Afterwards, impervious to laughter or ribaldry, he insisted on buying his whole audience a drink, even forcing the young vet who tried to make protestations that he had to be away to stay. With the same imperviousness, Maloney began his first pornographic paper, defied the obsolete censorship laws in much the same way as he defied the sense of embarrassment provoked by poetry at Dempsey’s — by simply remaining oblivious of it — and made it a success against all predictions. And he’d gone on from there to become the rich and fairly powerful man he now was. I suspected he paid me the higher rate he did as much out of affection for the old times as out of any belief that I could manufacture those sexual gymnastics any better than any of the several other hacks he hired.
I ordered two more pints, placing the fresh pint beside his unfinished one on the ledge. He made small notes or changes as he read and I knew they’d all be improvements. Time was suspended as I watched him. I watched his face register the world of the words, Colonel Grimshaw and Mavis Carmichael. It is a chastening sight to watch somebody totally absorbed in a world you yourself have made.
“It’s good. As always. That’s what’ll juice them up. There’s just these few changes.”
He got curious pleasure from the changes, almost standing back to admire the line of the sentences, like someone admiring the true line of a wall he has just straightened.
“Nobody can stand anybody else, of course. You’re one person who really knows that, aren’t you? You just have to have someone you like stay in your house for a few days to find that out. It’s all got to do with room. But we can all stand a lot of the Colonel and Mavis,” and he began to tell me what to do in the next story. The couple should be split up in Majorca. Mavis should be given a bullfighter and the Colonel a brown-skinned Arab girl of fifteen or sixteen.
“You should write it yourself.”
“No. I’m too busy. And I wouldn’t manage it right,” he handed me a brown envelope.
“Thanks,” I could feel the notes in it as I took it.
“By the way, I’m expecting Moran any minute,” he named the most powerful newspaper man in the city. “You don’t mind meeting him?”
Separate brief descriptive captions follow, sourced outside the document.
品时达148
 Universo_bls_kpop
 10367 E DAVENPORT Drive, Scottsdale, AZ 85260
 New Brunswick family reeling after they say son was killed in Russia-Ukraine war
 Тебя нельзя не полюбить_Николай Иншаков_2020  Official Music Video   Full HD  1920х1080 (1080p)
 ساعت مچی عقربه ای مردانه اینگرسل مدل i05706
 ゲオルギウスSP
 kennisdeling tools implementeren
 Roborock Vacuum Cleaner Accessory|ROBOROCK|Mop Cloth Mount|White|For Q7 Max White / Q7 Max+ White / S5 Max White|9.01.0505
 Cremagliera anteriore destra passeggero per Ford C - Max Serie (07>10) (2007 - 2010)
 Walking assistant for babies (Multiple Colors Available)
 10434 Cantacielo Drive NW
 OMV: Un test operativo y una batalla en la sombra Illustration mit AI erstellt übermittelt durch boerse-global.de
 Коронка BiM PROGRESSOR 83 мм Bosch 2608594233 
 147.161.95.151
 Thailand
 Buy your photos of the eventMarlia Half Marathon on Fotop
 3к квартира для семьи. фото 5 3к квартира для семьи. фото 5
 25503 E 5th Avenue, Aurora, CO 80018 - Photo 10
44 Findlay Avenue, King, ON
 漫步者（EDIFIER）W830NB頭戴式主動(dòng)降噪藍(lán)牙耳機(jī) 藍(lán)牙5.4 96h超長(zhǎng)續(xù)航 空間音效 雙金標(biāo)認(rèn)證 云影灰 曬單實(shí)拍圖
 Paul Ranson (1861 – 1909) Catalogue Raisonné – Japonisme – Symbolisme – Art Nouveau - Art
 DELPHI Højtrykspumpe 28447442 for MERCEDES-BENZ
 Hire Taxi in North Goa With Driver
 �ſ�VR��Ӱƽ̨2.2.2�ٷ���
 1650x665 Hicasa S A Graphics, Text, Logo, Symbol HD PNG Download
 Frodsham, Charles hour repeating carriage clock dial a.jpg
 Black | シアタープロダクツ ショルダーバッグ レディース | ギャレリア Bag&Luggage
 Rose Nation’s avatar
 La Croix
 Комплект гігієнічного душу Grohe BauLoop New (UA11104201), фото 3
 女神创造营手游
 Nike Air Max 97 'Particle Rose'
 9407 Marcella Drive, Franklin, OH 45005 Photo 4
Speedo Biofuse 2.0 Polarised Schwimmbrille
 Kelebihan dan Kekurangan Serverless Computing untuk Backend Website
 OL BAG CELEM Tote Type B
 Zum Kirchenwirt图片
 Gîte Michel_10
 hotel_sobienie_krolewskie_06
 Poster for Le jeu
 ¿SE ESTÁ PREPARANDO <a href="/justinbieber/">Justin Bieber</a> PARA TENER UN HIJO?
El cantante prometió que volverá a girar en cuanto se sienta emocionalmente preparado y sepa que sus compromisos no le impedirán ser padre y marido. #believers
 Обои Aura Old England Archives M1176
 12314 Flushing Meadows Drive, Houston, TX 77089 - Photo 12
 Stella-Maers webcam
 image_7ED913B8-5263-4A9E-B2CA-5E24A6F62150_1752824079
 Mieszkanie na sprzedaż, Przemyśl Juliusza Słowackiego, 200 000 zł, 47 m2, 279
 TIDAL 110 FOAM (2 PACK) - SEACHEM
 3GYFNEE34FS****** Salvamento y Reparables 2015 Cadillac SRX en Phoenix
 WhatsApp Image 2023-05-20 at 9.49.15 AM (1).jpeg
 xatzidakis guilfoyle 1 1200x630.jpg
“Of course not. Why should I?” I was determined at once to deprive Maloney of his pleasure. One of his few new pleasures since becoming rich was to spring someone powerful or famous on his ordinary company and to stand back and observe.
“You should have seen her crawl to impress him, indecent ambition suddenly all over the place,” he’d remark as if remembering a good wine. “One moment his feathers were all preened and the next completely drooped. It was like the effect a pike might have on a shoal of perch,” I remembered hearing him boast.
“You don’t seem very impressed. Or are you just hiding it?” he berated me now.
“I’m too old. And I know you too well. Besides, I have to go in a few minutes.”
“Where are you going to now? You seem to be always going some place.”
“To a dance. To the Metropole.”
“All the young whores and the rich baldies.”
“Do you want to come?”
“I have to go home after I see Moran. Dada has to say good-good night, tuck the hush-a-baby in, go to safe-safe sleep, or Mama will spank-spank,” he mimicked before adding sharply, “You seem to have escaped all that crack?”